INFORMATION below:

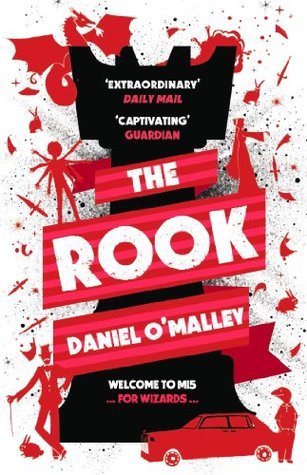 The Rook (The Checquy Files, #1)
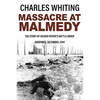 Massacre at Malmedy: The Story of Jochen Peiper's Battle Group, Ardennes, December, 1944 - Paperback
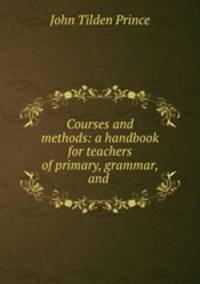 Courses and methods: a handbook for teachers of primary, grammar, and .
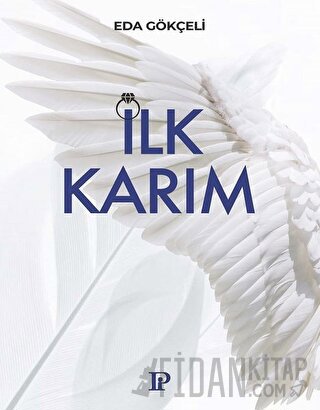 İlk Karım Eda Gökçeli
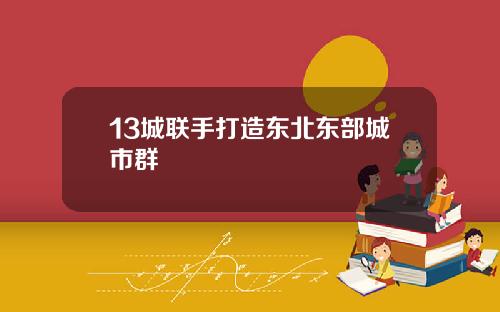 13城联手打造东北东部城市群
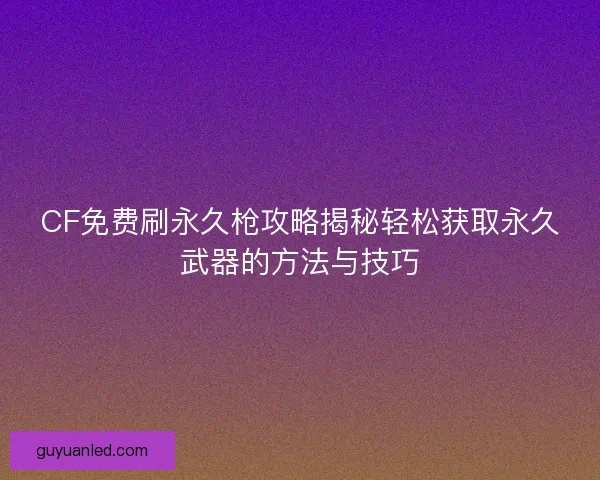 CF免费刷永久枪攻略揭秘轻松获取永久武器的方法与技巧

End of INFORMATION.

■ WHAT THE TASK ASKS:
A faithful copy of every entry is needed, omitting each image.

■ WRITTEN REPLY:
 The Rook (The Checquy Files, #1)
 Massacre at Malmedy: The Story of Jochen Peiper's Battle Group, Ardennes, December, 1944 - Paperback
 Courses and methods: a handbook for teachers of primary, grammar, and .
 İlk Karım Eda Gökçeli
 13城联手打造东北东部城市群
 CF免费刷永久枪攻略揭秘轻松获取永久武器的方法与技巧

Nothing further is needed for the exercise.